A 100-degree heat wave prevailed as the game was played.2 New York’s Daily News reported, “Not a breath of air was stirring. Flags atop the Yankee Stadium hung limp against the poles to which they were attached.”3
Future Hall of Famer Red Ruffing started for the Yankees. Although he had pitched complete games in his previous two outings, he had absorbed the loss in each. George Earnshaw got the pitching nod for Philadelphia. He, too, had lost his last two starts, but he had lasted only two-thirds of an inning in his last time on the mound.

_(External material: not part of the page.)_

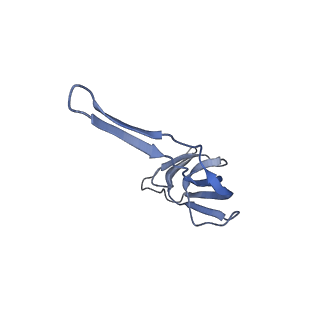 8617_5uym_20_v1-4
70S ribosome bound with cognate ternary complex base-paired to A site codon, closed 30S (Structure III)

Max Bishop “opened the game with a home run drive to the right field sunfish.”4 It was his fourth round-tripper of the year. After Doc Cramer singled to center, Mickey Cochrane “hoist[ed]”5 his 10th home run of the season into the right-field bleachers. Ruffing had faced three batters and each had scored. He allowed a double and single later in the inning, but poor baserunning kept the A’s from scoring again.6
In the top of the third, Cochrane led off with a line drive to left field. He tried to stretch the hit into an inside-the-park home run but was thrown out at home plate, as Yankees shortstop Frankie Crosetti made a perfect throw from his relay position. The next three Philadelphia batters reached (a throwing error and two walks), and the bases were loaded with just one out. Danny MacFayden was summoned to relieve Ruffing. He struck out Pinky Higgins for the second out, but Dib Williams stroked a single to right. Babe Ruth fielded the hit and threw the ball to catcher Bill Dickey, who fired to first baseman Lou Gehrig as Williams headed for second. Gehrig threw to second base, where third baseman Joe Sewell tagged Williams out, However, all three runners crossed the plate before Williams was out (all runs were unearned). The A’s led, 6-0.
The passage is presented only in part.